Surveying the small gathering, a slight smile played, which grew into a grin as the first question came his way. A hark back to the Panasonic Open and Lahiri went through his lines again. "The win last year (his first on the Asian Tour) kick-started my good run."
It was the focus on "keeping form" that helped him emerge stronger from a slump midway and go on to notch up almost back-to-back triumphs last month.
From the start of the season, Lahiri has been listing the benefits of meditation, and the almost back-to-back triumphs at the SAIL-SBI Open and The Open Championship International Final Qualifying - Asia last month meant it was a matter of time before the conversation meandered to the subject, and the 24-year-old was asked to share his experience with vipassana.

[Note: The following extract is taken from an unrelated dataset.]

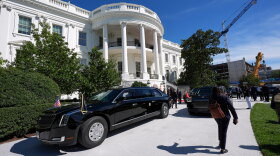 The motorcade of President Donald Trump departs the White House en route to the National Archives to greet China's President Xi Jinping and his wife Peng Liyuan, Friday, Sept. 25, 2026, in Washington.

"What kind of a schedule do you follow?" The question had struck a raw chord. Taking off the heavily-embossed cap, he replied, "The routine demands an hour each in the morning and evening, but given our schedule, its difficult to devote that kind of time. There is a conscious effort to put in 45 minutes a day, but if I don't end up doing that, whatever time I can snatch on the course (stoppages, etc) is put to use."
The urge for better compliance stays with him, but the lessons learnt have helped him to be "more at peace". Accepting things as they come - on or off the course, means the smile rarely leaves the lips.